Questo progetto ebbe inizio nel 1997, quando con Maradini si impegnarono Patrick Nukenga e Charles Machila a cui si aggiunse padre Umberto Davoli, un francescano. Questi primi operatori andavano a incontrare i bambini e i ragazzi che vivevano sulla discarica di Ndola, in Zambia. «A oggi il progetto – continua Maradini – coinvolge 300 ragazzi dai 10 ai 22 anni e viene portato avanti con la collaborazione delle istituzioni locali. Si lavora molto anche con le famiglie per favorire la reintegrazione di questi giovani». «Charles e Hassan – aggiunge Santini tornando alla presenza alla Gmg – hanno storie di sofferenza, con situazioni familiari disastrose. A Ndola è molto diffuso il fenomeno dei bimbi di strada che attorno ai 10 anni sniffano colla. Per non sentire la fame, la sete, il freddo e la solitudine, si fanno di colla. La realtà è questa, dove la famiglia non esiste o è disgregata».

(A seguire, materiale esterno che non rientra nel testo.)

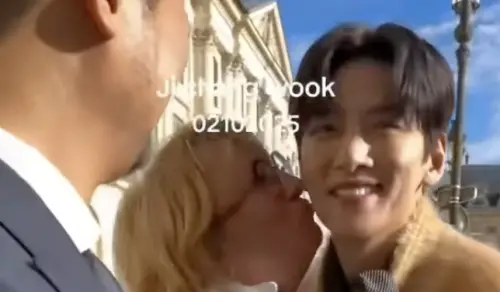 ▲池昌旭（右）差一點就被強吻得逞，保鑣卻在一旁看著一切發生挨轟。（圖／翻攝自IG gcf_koo97）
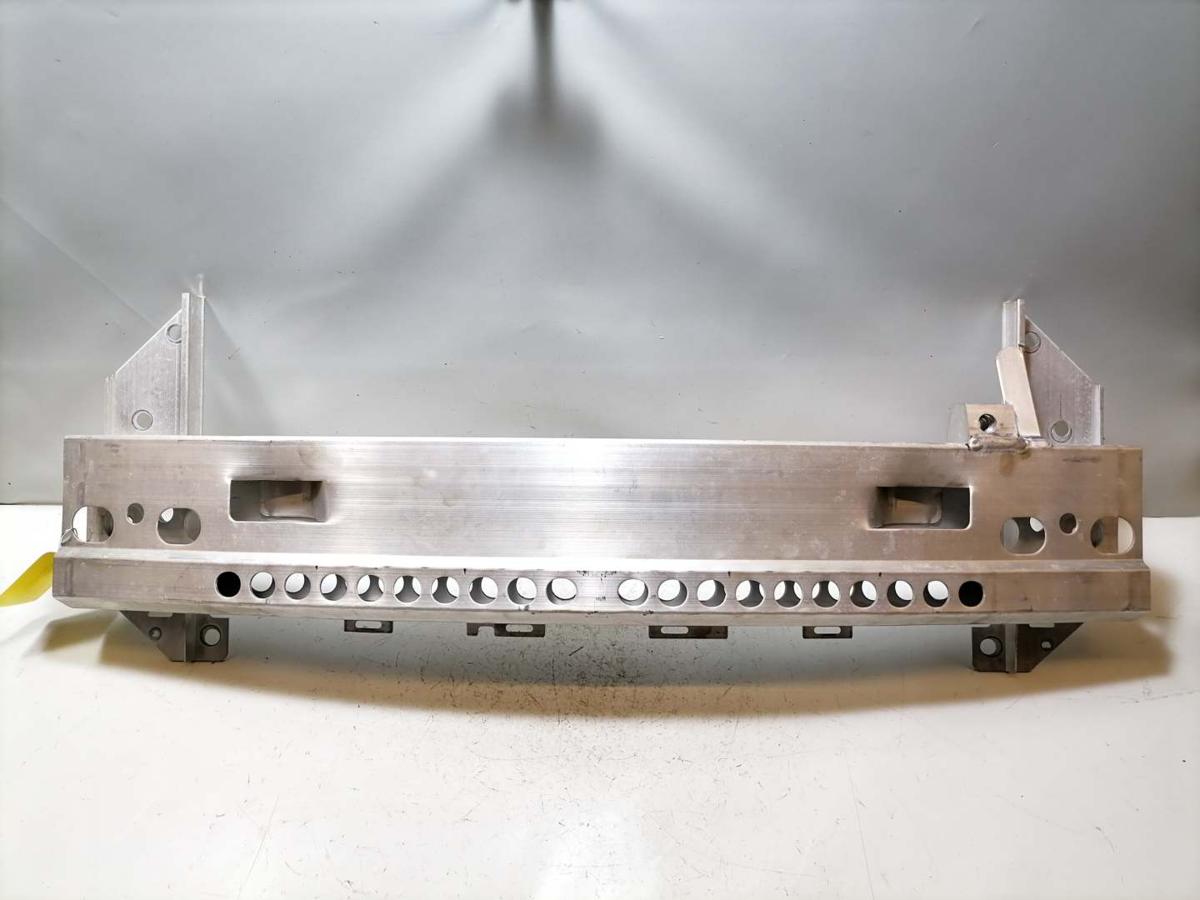 Mini One R50 original Tr&auml;ger Verst&auml;rkung Sto&szlig;stange Stossf&auml;nger vorn Bj.2001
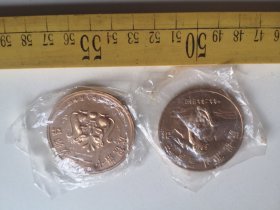 早期，第八届、第十二届教师纪念章，二枚，全新未拆袋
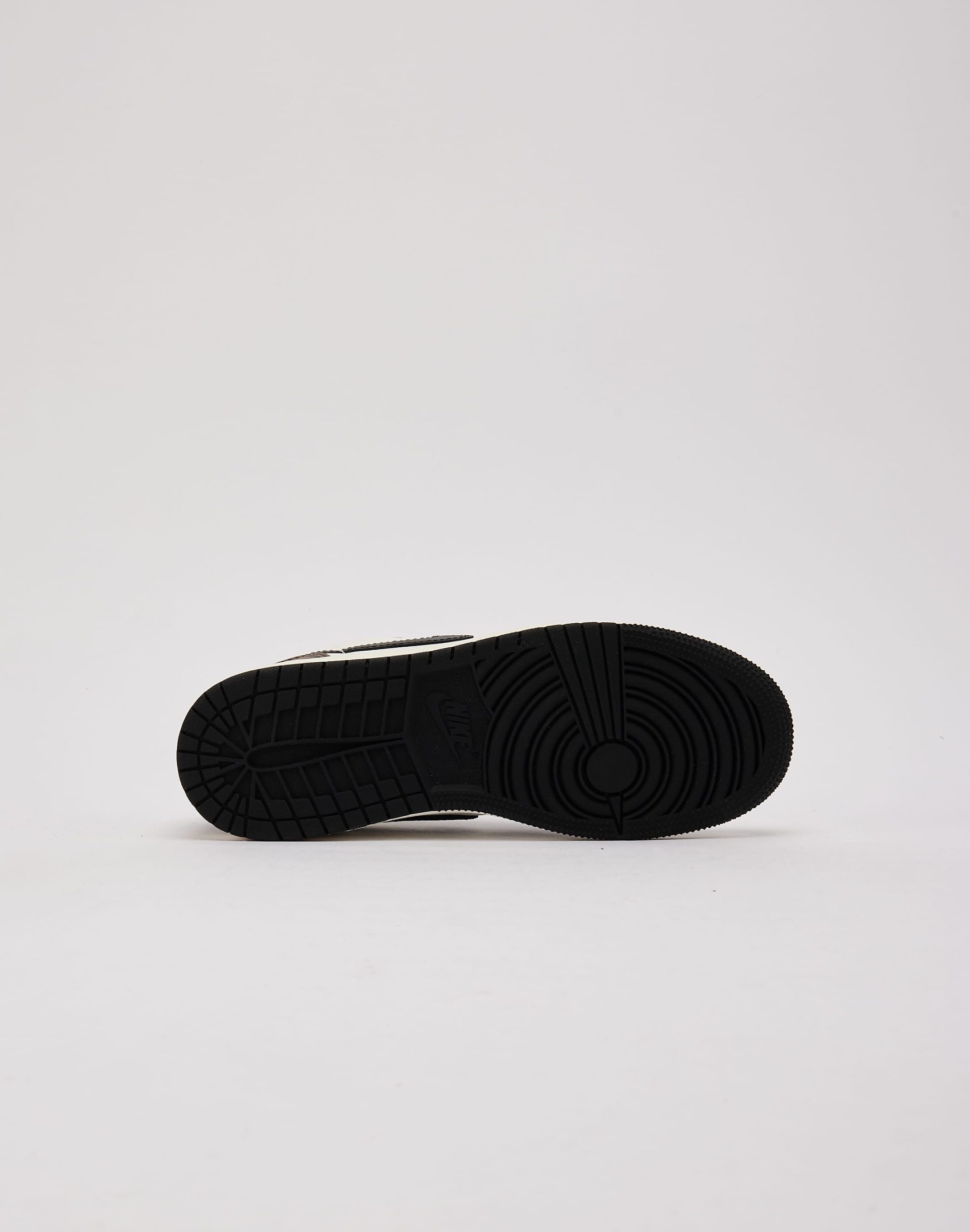 Jordan Air Jordan 1 Retro Low OG 'Mocha' Grade-School - Image 4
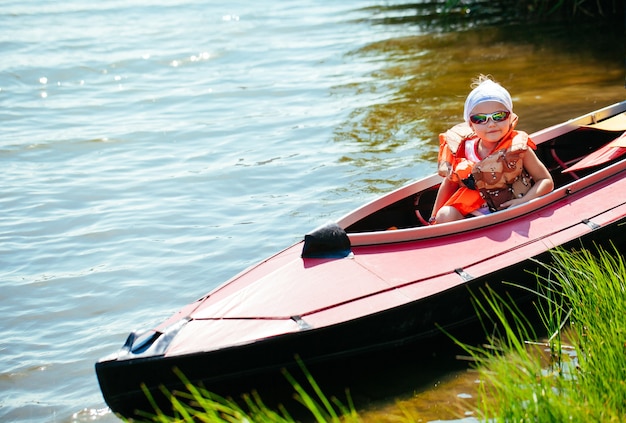 Bambina in kayak. Vacanza in famiglia.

La loro presenza a Panama è dovuta all’invito di papa Francesco, perché il Sinodo, la Gmg e tutto ciò che si organizza per i giovani sia davvero per tutti loro. «Anche per quelli lontani – continua Santini – e che fanno fatica ad aderire per ragioni economiche, sociali o logistiche. Ci siamo interrogati come comunità e ci siamo chiesti: chi potremmo supportare per andare a Panama? Chi è più marginale rispetto allo straordinario evento che si sta preparando? Ecco come sono arrivati qua Hassan e Charles. Con loro c’è l’educatore Clement Muma». Da questa Gmg i riscontri per questi ex ragazzi di strada potrebbero avere due valenze. «Prima di tutto – sottolinea Santini – si tratta di un’esperienza unica nel cammino della Chiesa.
Un incontro bello, stupendo, che può ridare fiducia. Può far vedere che c’è ancora una speranza, un futuro, a partire da oggi, da adesso, come ha ricordato il Papa nella Messa finale di domenica. Non ci sono solo le miserie che hanno visto loro». Ma c’è anche altro, come qui questi ragazzi hanno sperimentato. Conclude Santini: «Tornando a casa, abbiamo detto loro, avete una responsabilità. Siete stati scelti voi per la Gmg. Ora portate la gioia di questi incontri preziosi con tanti altri giovani a cui avete stretto la mano, con cui avete scambiato sorrisi e sguardi. Gratuitamente avete ricevuto, gratuitamente date».